Chronic Granulomatous Disease (GDC) is a heritable severe immune deficiency disease that occurs at a frequency of one in 200,000 humans per year worldwide. Children with CGD often suffer life-threatening microbial infections with bacteria and fungi and die at young age without treatment. Particularly, infections with Aspergilli fungi often kill CGD patients, before bone marrow transplantations or gene therapy can be performed.
Scientists at the Swedish Laboratory for Molecular Infection Medicine (MIMS) in Umeå have now found new treatment of CGD patients.
While healthy individuals white blood cells, also called neutrophils, release oxygen intermediates to kill and digest invading pathogens, the immune cells in CGD patients lack the ability to kill the microbes.
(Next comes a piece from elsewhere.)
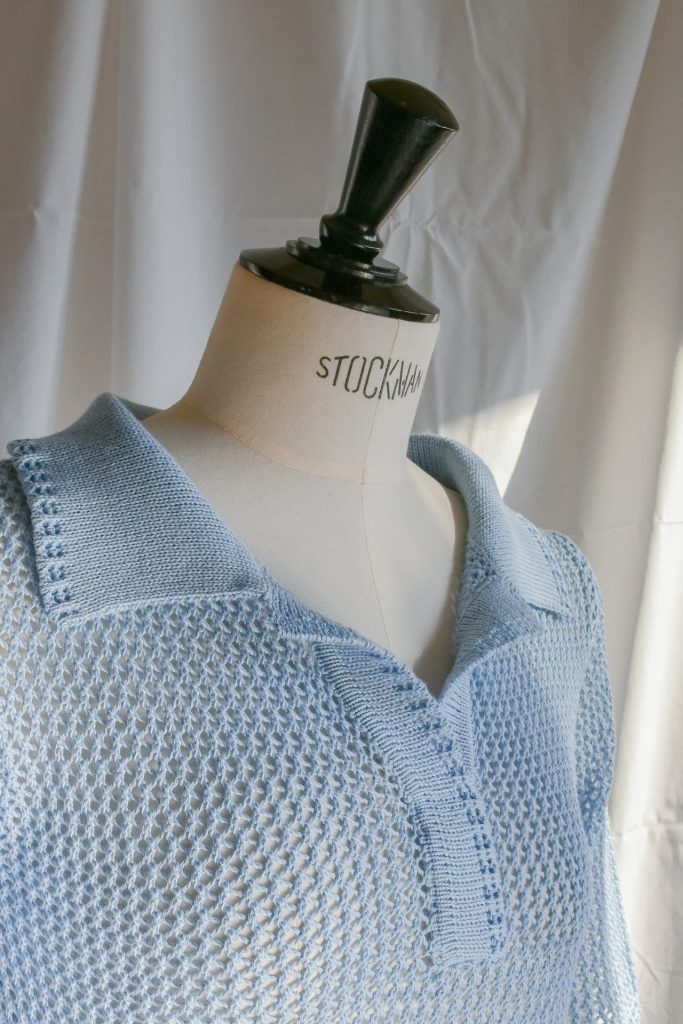 SS25_107-C-rubino-gaeta-polo-rete-azzurra-04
Constantin Urban, research group leader at the MIMS laboratory in Umea is studying mechanisms of fungi infections. In earlier studies of Candida infections, he found with his colleagues that neutrophils form extracellular structures, called neutrophil extracellular traps or NET, which catch microbes and fungi.
NET is a very smart tool, says Urban. It is comparable with a spiders web, catching and killing the trapped pathogen. We found in earlier studies that these web-like structures are made of chromatin and decorated with antimicrobial proteins. They also release oxygen intermediates and an antifungal substance called calprotectin.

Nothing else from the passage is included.